Task to carry out: From the records that follow, return exactly the lines beginning at the one that contains "Friends Zac with" and ending at the one that contains "Premium Twigs and", pictures left out.

Task input: Begin

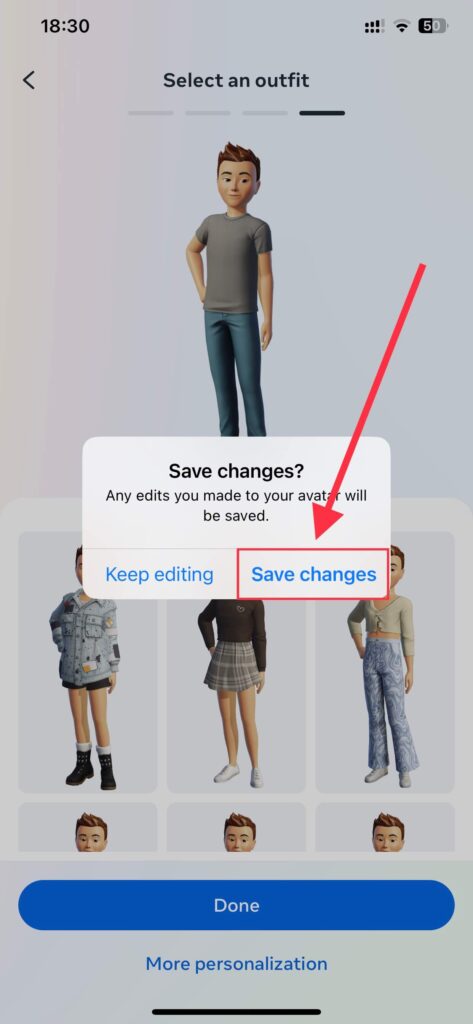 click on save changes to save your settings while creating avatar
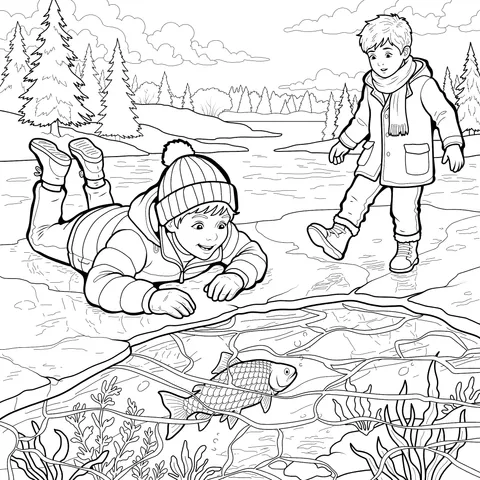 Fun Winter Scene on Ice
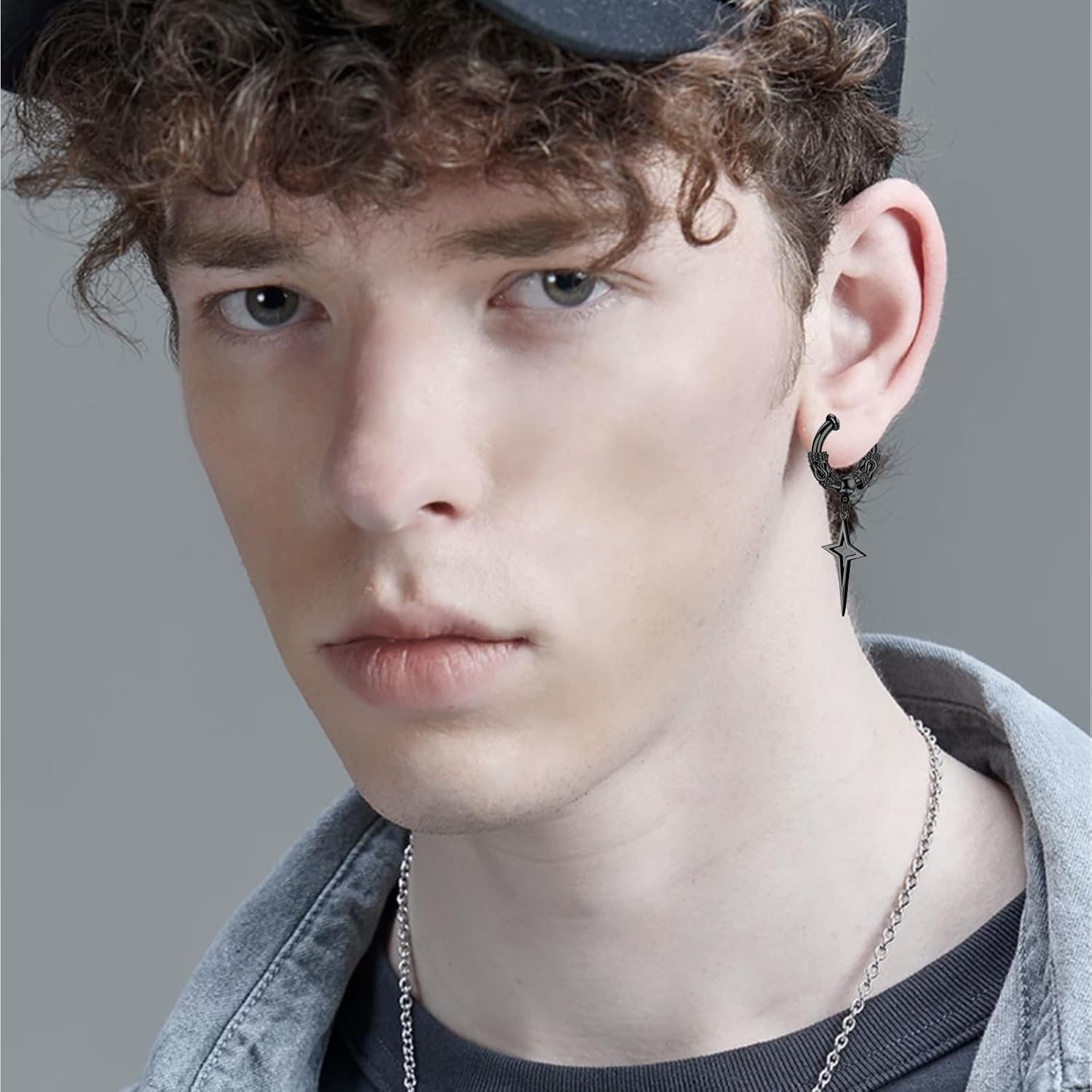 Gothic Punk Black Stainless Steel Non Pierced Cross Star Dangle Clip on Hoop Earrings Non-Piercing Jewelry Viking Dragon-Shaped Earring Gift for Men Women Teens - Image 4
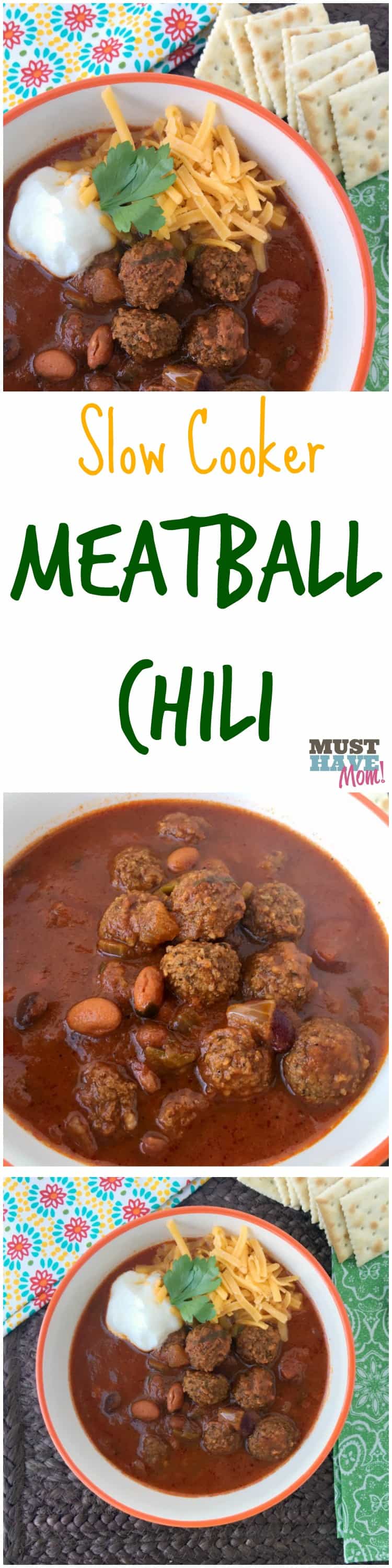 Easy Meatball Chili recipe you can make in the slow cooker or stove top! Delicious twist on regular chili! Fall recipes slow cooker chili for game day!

Task input: End
Task input: Begin

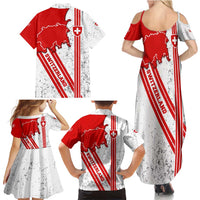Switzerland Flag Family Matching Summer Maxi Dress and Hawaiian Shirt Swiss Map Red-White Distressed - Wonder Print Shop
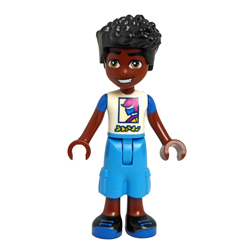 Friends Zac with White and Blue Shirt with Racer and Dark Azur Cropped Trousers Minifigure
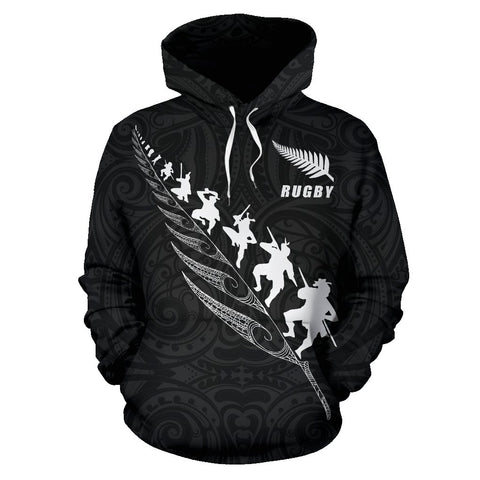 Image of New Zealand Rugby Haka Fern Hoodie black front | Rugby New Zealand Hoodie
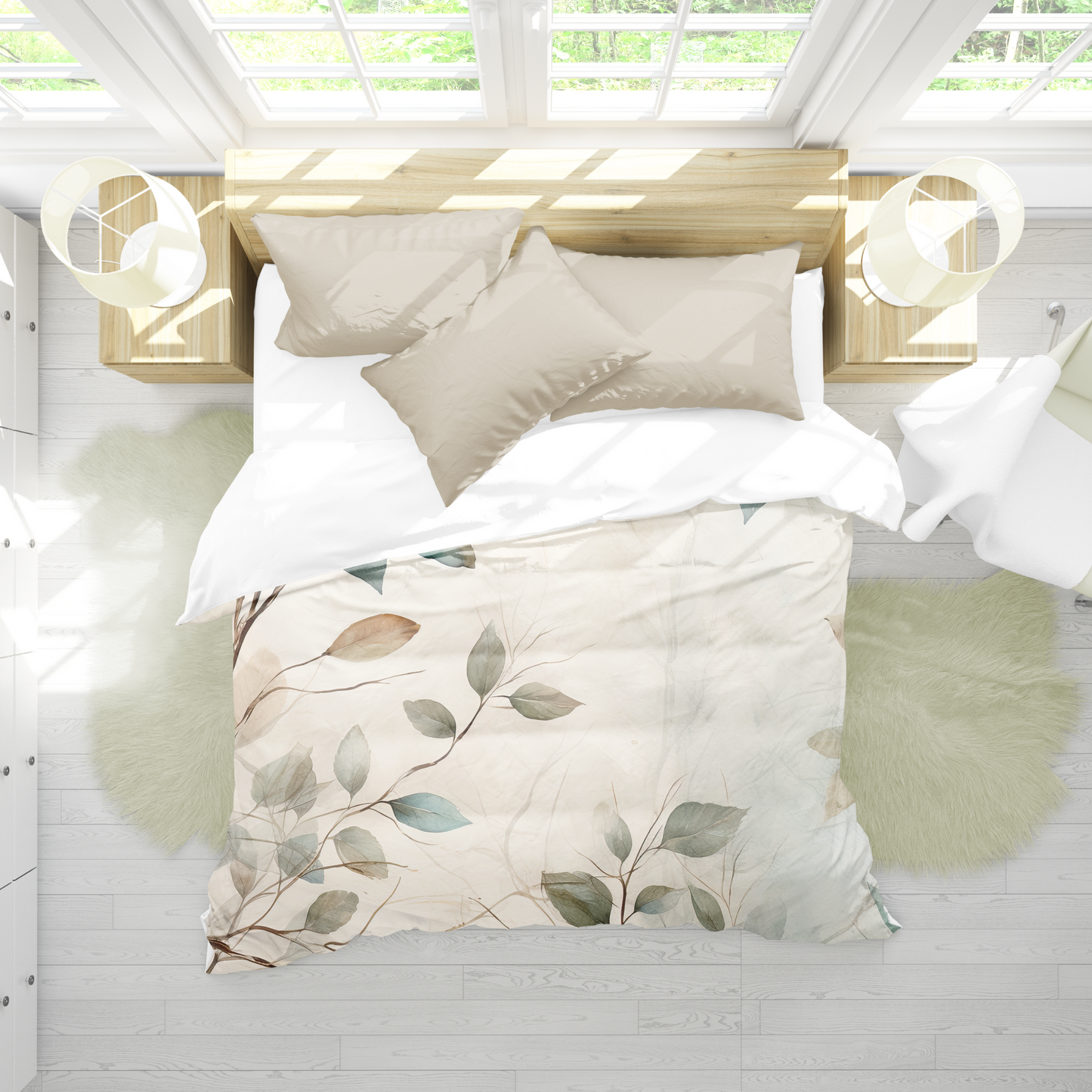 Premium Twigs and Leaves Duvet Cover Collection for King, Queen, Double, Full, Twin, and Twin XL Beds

Task input: End

Task output:
 Friends Zac with White and Blue Shirt with Racer and Dark Azur Cropped Trousers Minifigure
 Image of New Zealand Rugby Haka Fern Hoodie black front | Rugby New Zealand Hoodie
 Premium Twigs and Leaves Duvet Cover Collection for King, Queen, Double, Full, Twin, and Twin XL Beds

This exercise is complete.